The lads were very edgy and got upset when the Belgian people mistook their hackles for feathers won at the fair. We explained to the police officer they were battle honours and the lads would be very proud of them,having just returned from a very hard tour of duty they were in no mood to be laughed at. Word circulated around the fair in Ypres town square and in no time the lads had been bought chips ,and offered beer which they had orders to refuse as there was to be a church service at the English church later.
It was a very fierce engagement and as you say ought to be remembered.
Viktoria.
I'm not surprised they were upset - Bryan was in Aden when it was comparatively calm, unlike those fellows :-
"THE still night air over Crater City was shattered by the sound of bagpipes as pipe major Kenneth Robson struck up with Monymusk – the regimental charge of the Argyll & Sutherland Highlanders.
It was 7pm on July 3, 1967, and the 700 men of the 1st Battalion Argyll & Sutherland Highlanders were on the edge of the city, tensely awaiting the order to advance.

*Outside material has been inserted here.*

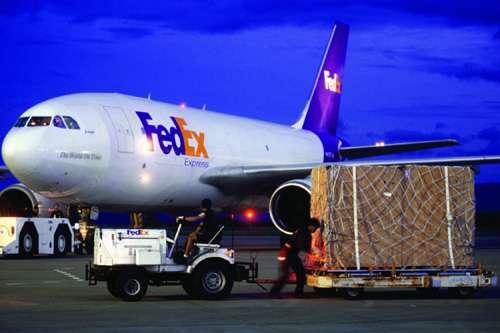 供應(yīng)義烏商貿(mào)城到加拿大快遞多少錢幾天到？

Two weeks before, on June 20, the Army had experienced one of its bloodiest days since World War II, when 22 soldiers – three of them Argylls – were massacred by rogue elements of the local Arab police, who now controlled Crater, a city built on an extinct volcano in the heart of the British colony of Aden in the Middle East.
After the attack, the senior British commanders in Aden had ordered the Army to withdraw from Crater, leaving the city in the hands of the police mutineers.
But one man was determined to end the stand-off and bring Crater back under British control – the commander of the Argyll & Sutherland Highlanders, Colonel Colin Mitchell. He was a pugnacious, outspoken maverick who after that night’s events, would forever be known as Mad Mitch."